A ameaça das autoridades francesas é clara: abrir a fronteira em Calais, no norte de França, e deixar que todos os imigrantes passem livremente. Emmanuel Agius, vice-presidente daquela cidade francesa, pôs a hipótese de não cumprir o Tratado Le Touquet, o que permitiria que os refugiados que atravessam o Canal fossem revistados em França e não no Reino Unido.
As declarações surgem depois de David Cameron ter dito, em entrevista a um canal vietnamita, que a onda de imigrantes que tenta chegar ao Reino Unido é como uma “praga de pessoas que atravessam o Mediterrâneo, em busca de uma vida melhor”.
As criticas às palavras do primeiro-ministro britânico têm surgido umas atrás das outras. Agora foi a vez de Emmanuel Agius reagir: “Se continuar assim, com tantas provocações, acredito que a dado momento vamos dizer que os imigrantes podem passar e Mr. Cameron terá de lidar com isso”. Mas é improvável que o vice-presidente de Calais tenha poder para dispensar o acordo introduzido pelos governos Francês e Britânico para gerir o campo de refugiados de Sangatte.

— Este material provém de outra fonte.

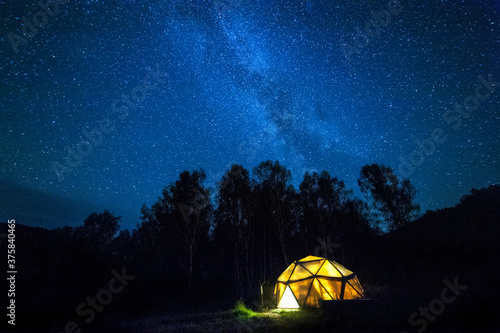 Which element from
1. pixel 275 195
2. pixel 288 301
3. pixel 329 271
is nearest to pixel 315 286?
pixel 329 271

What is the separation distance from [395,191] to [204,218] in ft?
90.1

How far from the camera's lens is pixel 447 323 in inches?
303

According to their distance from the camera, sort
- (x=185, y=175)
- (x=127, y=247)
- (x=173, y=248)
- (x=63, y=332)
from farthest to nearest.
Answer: (x=127, y=247) → (x=173, y=248) → (x=185, y=175) → (x=63, y=332)

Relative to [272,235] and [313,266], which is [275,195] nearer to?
[272,235]

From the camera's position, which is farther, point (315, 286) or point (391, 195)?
point (391, 195)

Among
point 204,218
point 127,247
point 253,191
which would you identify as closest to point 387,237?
point 253,191

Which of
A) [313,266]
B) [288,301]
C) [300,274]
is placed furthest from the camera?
[313,266]

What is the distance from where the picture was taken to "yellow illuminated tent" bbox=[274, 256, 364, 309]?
43.7ft

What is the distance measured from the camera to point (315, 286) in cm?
1359

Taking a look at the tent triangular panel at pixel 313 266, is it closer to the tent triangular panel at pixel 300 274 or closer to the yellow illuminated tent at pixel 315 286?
the yellow illuminated tent at pixel 315 286

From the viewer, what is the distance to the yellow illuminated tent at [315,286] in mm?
13328

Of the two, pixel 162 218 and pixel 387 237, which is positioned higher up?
pixel 162 218

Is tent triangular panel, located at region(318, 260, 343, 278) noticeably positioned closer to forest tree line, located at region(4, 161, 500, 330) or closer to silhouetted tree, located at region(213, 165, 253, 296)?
forest tree line, located at region(4, 161, 500, 330)

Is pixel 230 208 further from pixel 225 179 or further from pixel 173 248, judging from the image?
pixel 173 248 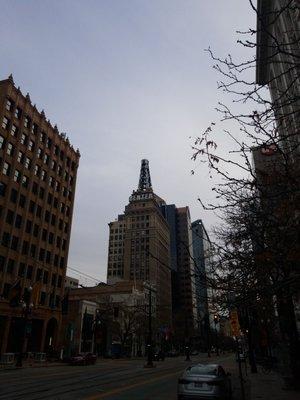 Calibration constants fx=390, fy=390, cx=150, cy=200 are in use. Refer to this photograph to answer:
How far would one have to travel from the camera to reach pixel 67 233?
71.4 meters

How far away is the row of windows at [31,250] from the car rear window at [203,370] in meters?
43.1

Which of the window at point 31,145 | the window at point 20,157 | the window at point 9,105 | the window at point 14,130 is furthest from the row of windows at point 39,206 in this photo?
the window at point 9,105

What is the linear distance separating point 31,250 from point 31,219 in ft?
15.6

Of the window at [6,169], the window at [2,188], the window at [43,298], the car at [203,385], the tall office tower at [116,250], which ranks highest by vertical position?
the tall office tower at [116,250]

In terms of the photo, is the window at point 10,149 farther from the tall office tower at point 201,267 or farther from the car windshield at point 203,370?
the car windshield at point 203,370

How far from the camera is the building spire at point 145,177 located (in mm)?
183462

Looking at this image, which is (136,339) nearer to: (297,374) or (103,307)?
(103,307)

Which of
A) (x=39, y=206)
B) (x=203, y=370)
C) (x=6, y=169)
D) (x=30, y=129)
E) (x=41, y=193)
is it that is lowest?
(x=203, y=370)

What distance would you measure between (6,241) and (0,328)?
1136 cm

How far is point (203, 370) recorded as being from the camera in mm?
14773

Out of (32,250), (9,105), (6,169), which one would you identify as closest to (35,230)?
(32,250)

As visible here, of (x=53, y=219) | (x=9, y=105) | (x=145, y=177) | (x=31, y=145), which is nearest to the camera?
(x=9, y=105)

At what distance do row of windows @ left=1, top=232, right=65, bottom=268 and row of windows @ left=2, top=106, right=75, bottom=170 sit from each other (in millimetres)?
15687

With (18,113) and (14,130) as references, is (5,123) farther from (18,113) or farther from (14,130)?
(18,113) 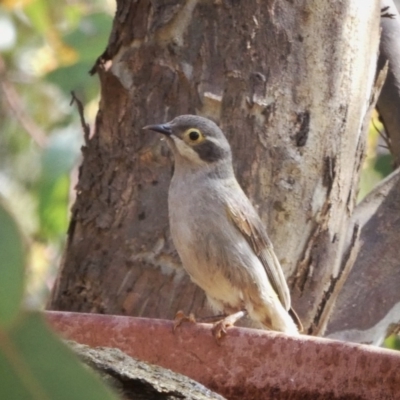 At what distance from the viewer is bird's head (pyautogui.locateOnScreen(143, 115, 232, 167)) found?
349 centimetres

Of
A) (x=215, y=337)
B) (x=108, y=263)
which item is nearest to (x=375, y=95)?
(x=108, y=263)

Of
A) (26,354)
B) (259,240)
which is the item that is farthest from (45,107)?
(26,354)

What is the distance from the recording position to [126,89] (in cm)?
376

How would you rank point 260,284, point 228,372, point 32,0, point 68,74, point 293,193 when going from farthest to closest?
point 32,0 < point 68,74 < point 260,284 < point 293,193 < point 228,372

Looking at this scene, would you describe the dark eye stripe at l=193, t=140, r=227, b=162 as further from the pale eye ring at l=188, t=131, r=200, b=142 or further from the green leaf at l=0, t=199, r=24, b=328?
the green leaf at l=0, t=199, r=24, b=328

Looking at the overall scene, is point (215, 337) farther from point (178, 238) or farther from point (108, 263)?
point (108, 263)

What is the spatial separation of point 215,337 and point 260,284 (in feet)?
4.27

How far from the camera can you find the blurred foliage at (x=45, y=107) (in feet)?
15.4

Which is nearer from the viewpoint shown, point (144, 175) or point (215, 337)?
point (215, 337)

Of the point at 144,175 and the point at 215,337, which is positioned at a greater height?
the point at 144,175

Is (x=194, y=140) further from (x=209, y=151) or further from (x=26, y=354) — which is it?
(x=26, y=354)

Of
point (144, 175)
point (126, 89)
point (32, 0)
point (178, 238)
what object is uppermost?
point (32, 0)

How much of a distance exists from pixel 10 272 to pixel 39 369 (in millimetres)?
87

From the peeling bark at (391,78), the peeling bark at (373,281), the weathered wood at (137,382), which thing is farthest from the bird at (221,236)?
the weathered wood at (137,382) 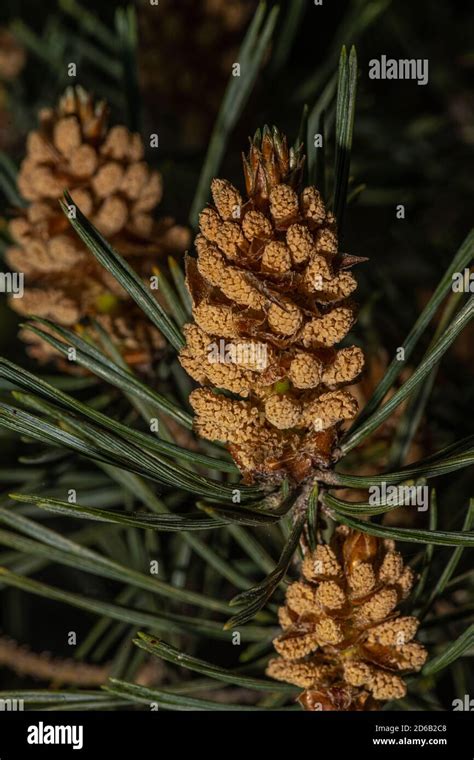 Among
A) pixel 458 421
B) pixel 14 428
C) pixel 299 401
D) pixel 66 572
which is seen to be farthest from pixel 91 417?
pixel 66 572

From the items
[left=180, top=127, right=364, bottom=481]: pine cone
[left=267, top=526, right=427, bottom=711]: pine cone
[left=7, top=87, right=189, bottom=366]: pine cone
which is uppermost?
[left=7, top=87, right=189, bottom=366]: pine cone

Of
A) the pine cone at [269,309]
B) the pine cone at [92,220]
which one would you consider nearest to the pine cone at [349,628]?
the pine cone at [269,309]

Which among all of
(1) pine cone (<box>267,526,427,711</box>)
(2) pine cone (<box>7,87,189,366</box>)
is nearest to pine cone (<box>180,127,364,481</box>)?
(1) pine cone (<box>267,526,427,711</box>)

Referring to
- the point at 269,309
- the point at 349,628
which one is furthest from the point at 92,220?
the point at 349,628

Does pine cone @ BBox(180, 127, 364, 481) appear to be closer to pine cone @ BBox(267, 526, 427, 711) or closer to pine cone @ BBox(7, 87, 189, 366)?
pine cone @ BBox(267, 526, 427, 711)

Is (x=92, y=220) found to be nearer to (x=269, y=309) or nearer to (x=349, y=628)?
(x=269, y=309)

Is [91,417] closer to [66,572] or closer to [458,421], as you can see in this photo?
[458,421]

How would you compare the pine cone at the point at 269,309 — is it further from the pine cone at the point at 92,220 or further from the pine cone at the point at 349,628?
the pine cone at the point at 92,220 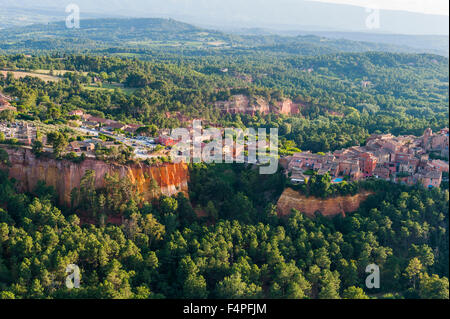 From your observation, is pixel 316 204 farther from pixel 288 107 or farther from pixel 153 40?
pixel 153 40

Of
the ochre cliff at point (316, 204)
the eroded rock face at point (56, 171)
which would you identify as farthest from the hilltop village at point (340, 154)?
the ochre cliff at point (316, 204)

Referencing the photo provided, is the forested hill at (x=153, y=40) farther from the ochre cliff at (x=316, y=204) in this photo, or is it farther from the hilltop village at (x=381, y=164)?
the ochre cliff at (x=316, y=204)

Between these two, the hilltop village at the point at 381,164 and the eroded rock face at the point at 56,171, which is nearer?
the eroded rock face at the point at 56,171

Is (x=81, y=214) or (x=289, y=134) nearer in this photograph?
(x=81, y=214)

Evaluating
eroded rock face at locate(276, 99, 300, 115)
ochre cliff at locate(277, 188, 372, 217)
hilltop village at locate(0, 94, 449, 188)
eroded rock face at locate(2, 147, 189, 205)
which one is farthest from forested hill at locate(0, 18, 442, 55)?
ochre cliff at locate(277, 188, 372, 217)

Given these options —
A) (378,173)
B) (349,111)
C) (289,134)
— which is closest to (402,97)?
(349,111)

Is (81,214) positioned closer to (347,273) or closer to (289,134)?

Também Trevor Willmott, bispo inglês da Igreja de Inglaterra, criticou a resposta oficial à crise: “Somos um mundo cada vez mais agressivo e quando somos duros uns com os outros e esquecemos a nossa humanidade, acabamos nestas situações limite”, disse ao jornal The Guardian. A diocese de Trevor Willmott abrange o lado inglês, numa extensão de 30 km, do canal marítimo que separa os dois territórios.
Gerir as travessias
A França e o Reino Unido já tinham pedido, ontem, apoio à União Europeia para lidar com a crise crescente de refugiados no norte francês que procuram entrar em Inglaterra, sujeitando-se a travessias clandestinas e perigosas.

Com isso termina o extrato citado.